3. Neuromancer: William Gibson wrote this cyberpunk masterpiece in 1984, which was the first winner for the sci-fi triple crown of awards. Pretty impressive track record. And the story is still very much relatable, given that it is about a computer hacker who is hired to perform the “ultimate hack.”
4. The Wars: The book may have been published in the 1970s, but story is amazingly impressive. It is the story of a young Canadian man in the military during World War I. The history on it is poignant, the story is completely enthralling and heartbreaking. This book really brings out the struggles that all soldiers face and the terrors that can follow you even when you think you are safe.
5. Never Cry Wolf: This book was originally published in 1963, but it is amazing. It is essentially a first person account of the author’s actual experiences observing wolves in Canada. Even though it is a fictional account, you will not find another account of how wolves really are than in Farley Mowat’s masterpiece.
6. A Complicated Kindness: Miriam Toews’s third novel, A Complicated Kindness won many awards, including the Governor General’s Award for English Fiction. The book takes place in Manitoba and follows the coming of age story of 16 year-old Nomi Nickel who struggles with her identity and personal history while trying to keep her place in her Mennonite community.

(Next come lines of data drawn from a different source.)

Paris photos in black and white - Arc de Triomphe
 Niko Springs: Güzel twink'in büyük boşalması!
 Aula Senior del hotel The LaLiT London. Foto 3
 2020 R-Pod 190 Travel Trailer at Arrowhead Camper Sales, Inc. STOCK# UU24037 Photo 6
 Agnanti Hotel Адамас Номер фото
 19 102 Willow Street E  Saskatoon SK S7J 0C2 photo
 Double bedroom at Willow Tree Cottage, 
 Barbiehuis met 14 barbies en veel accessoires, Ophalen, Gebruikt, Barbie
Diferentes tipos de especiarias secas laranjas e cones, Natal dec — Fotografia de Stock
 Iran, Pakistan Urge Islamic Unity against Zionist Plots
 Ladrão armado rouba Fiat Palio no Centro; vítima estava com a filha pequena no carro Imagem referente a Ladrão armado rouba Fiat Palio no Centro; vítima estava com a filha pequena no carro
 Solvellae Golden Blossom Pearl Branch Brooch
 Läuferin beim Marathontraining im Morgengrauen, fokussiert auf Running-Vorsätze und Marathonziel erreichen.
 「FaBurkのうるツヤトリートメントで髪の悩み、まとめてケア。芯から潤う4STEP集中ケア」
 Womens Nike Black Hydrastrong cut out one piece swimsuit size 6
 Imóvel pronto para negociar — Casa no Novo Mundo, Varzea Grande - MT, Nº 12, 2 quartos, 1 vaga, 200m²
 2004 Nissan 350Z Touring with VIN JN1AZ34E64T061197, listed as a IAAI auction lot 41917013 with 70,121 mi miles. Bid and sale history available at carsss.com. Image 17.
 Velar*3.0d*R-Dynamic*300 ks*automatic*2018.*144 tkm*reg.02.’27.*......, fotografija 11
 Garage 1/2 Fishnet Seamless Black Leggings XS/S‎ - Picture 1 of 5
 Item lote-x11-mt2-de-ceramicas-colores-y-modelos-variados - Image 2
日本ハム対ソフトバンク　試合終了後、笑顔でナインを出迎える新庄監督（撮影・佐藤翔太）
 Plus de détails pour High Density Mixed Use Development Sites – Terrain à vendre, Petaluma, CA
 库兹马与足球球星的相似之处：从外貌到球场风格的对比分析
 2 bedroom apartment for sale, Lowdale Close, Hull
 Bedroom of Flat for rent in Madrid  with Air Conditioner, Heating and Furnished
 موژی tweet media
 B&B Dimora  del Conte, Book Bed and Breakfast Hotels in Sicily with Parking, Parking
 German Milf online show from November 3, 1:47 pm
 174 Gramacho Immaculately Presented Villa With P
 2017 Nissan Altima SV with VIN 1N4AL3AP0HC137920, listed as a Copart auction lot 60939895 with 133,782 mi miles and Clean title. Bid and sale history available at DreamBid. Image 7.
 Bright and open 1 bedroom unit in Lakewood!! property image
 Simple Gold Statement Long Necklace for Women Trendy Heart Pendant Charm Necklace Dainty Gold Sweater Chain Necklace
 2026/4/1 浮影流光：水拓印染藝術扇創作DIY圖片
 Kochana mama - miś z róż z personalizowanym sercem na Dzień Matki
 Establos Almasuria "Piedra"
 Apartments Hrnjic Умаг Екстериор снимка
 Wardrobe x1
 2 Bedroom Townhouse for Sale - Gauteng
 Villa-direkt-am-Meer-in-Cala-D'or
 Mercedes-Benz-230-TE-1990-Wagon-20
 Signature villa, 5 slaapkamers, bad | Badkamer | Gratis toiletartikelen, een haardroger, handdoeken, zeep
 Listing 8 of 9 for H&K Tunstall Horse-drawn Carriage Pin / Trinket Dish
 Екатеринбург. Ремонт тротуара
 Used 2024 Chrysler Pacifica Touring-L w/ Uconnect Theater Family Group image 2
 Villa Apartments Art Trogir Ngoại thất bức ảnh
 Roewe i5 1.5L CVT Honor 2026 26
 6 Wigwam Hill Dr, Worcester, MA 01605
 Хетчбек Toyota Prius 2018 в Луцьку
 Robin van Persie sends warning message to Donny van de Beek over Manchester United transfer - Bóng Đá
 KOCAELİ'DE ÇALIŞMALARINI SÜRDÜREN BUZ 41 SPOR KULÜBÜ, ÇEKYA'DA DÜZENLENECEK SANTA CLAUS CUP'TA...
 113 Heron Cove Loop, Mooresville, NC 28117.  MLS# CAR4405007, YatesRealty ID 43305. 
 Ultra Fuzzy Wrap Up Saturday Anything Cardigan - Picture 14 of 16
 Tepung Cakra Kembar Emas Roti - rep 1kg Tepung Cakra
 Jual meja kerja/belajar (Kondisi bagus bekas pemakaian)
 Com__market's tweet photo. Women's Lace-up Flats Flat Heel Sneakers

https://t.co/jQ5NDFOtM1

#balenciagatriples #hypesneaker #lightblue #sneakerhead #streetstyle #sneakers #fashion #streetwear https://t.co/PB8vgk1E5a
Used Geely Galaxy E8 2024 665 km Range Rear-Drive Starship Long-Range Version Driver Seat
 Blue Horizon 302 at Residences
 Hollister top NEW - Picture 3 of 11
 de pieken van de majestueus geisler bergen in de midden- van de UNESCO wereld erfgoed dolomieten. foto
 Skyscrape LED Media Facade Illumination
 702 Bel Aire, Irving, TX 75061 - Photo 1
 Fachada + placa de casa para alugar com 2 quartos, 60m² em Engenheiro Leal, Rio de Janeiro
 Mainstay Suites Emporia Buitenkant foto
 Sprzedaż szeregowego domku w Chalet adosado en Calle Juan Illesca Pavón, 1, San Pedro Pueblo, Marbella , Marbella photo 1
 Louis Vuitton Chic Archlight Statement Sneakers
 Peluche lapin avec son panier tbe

7. Alias Grace: Another hit by Margaret Atwood, Alias Graceis historical fiction about the real life events of the murder of Thomas Kinnear and his housekeepers. In reality, two servants were convicted of the murders, one being executed and the other being sentenced to life in jail. The fictional character of Simon Jordan researches the case, becoming too involved while looking for the truth. Atwood’s use of stream of consciousness is riveting as it is complex.
8. Beautiful Losers: Leonard Cohen’s famous noveluses a ton of allusion, imagery and symbolism, an iconic example of the 1960s culture. Cohen admitted to writing the book under the influence of amphetamines while he attempted to focus his concentration on his writing. The result was a prime example of what it meant to be postmodern in Canadian literature. The book is not at all an easy read and should not be taken lightly. But if you have the time and commitment to dedicate to it, your perception on the zeitgeist of the 1960s will be completely reframed.